Battery storage: Efficient, sustainable – and lucrative?

Two privately financed battery storage facilities are showing how new, sustainable business opportunities are opening up at the grid edge.

Decarbonization of the energy system can only succeed if power grids become more flexible – and storage technologies play a key role in making this happen. The growing demand for flexibility is creating interesting new opportunities for industrial enterprises and investors that rely on grid edge technology. Two battery storage projects in Finland and Switzerland demonstrate how these opportunities can play out on the practical level. Key to their success is an innovative financing solution.

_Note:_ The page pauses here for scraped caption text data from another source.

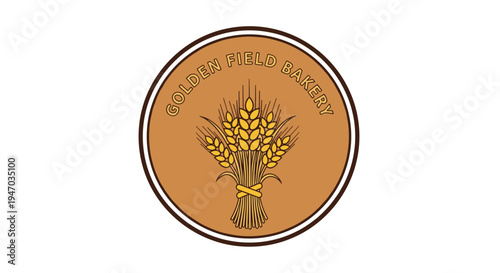 Wheat bundle emblem with golden color.
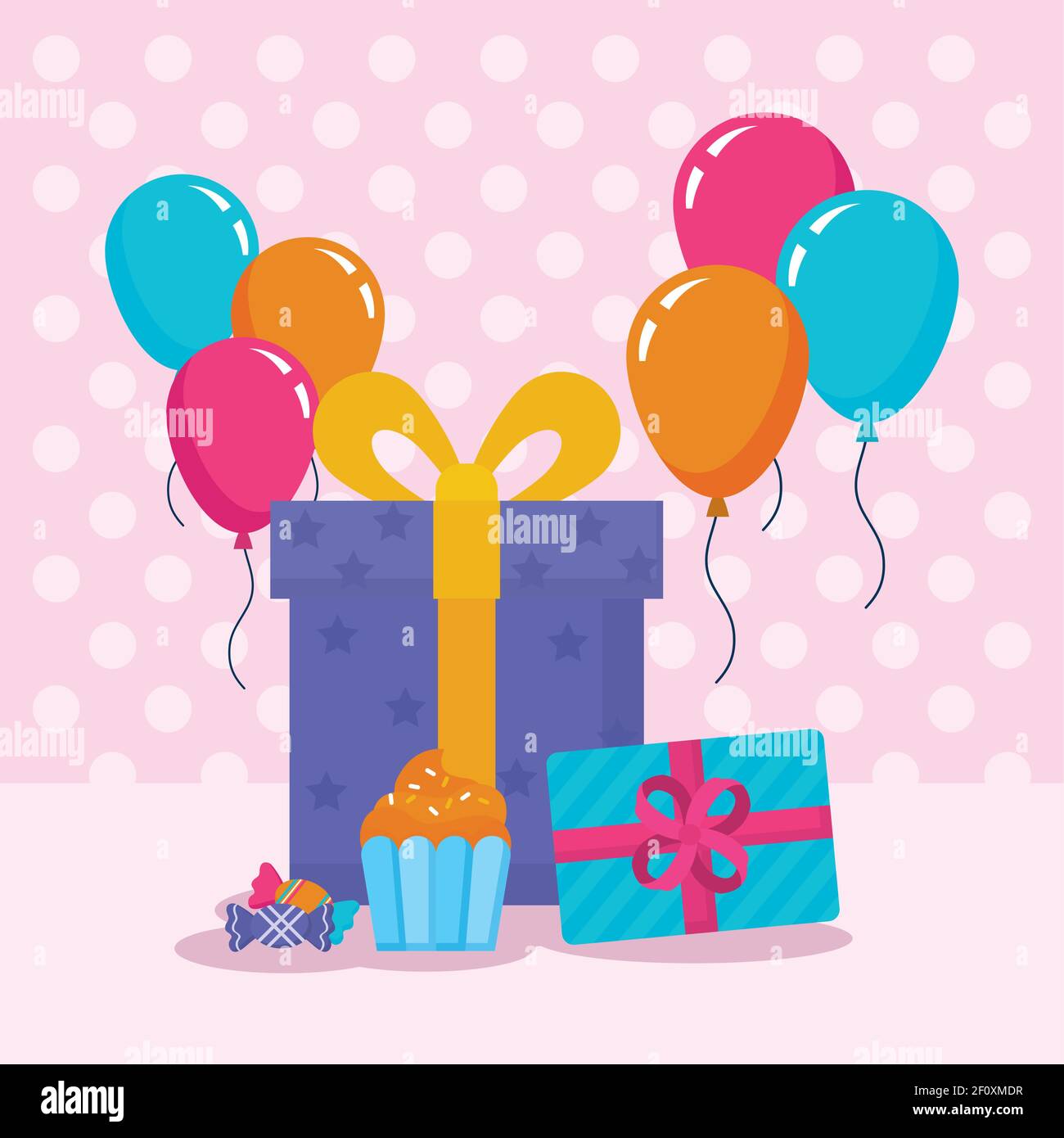 Geburtstagsdesign mit Geschenkschachteln Stock Vektor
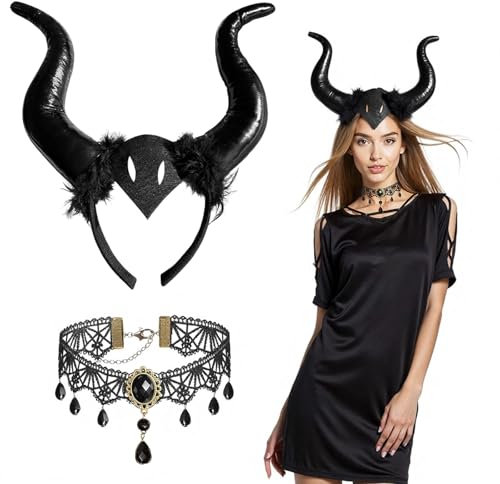 Wolkstello 2 Pcs Königin Hörner Kopfschmuck,Halloween Teufelshörner haarreif,Schwarz hörner Haarreif mit Gothic Spitze Halskette,Devil horns Zubehör für Halloween,Karneval, Cosplay, Maskerade Party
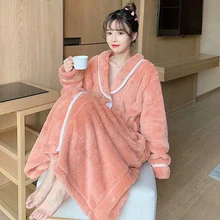 

Plus Velvet Thick Autumn and Winter New Pajamas Korean Version of Pure Color Loose Simple Cute Sweet Cardigan Pajamas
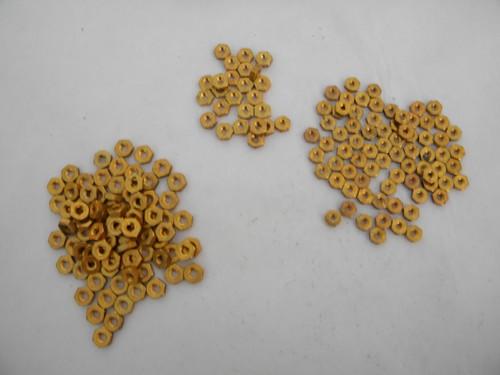 photo of steampunk vintage scrap hardware lot, industrial gold plated hex nuts #2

Everyone agrees that CO2 emissions need to be massively reduced over the next few decades in order to slow global warming. But who’s going to pay for the necessary measures? Governments are hoping for a greater commitment on the part of private enterprise, but many companies are reluctant to commit to significant investments in new technologies at the grid edge. Nevertheless, these technologies will help increase energy efficiency and facilitate the integration of renewable energies.


This dilemma has a solution, as demonstrated by the beverage manufacturer Sinebrychoff, a subsidiary of the Carlsberg Group with a filling volume of more than 300 million liters of beer and soft drinks. One of Finland’s largest beverage producers, the company has set a goal to decarbonize its production processes by 2030.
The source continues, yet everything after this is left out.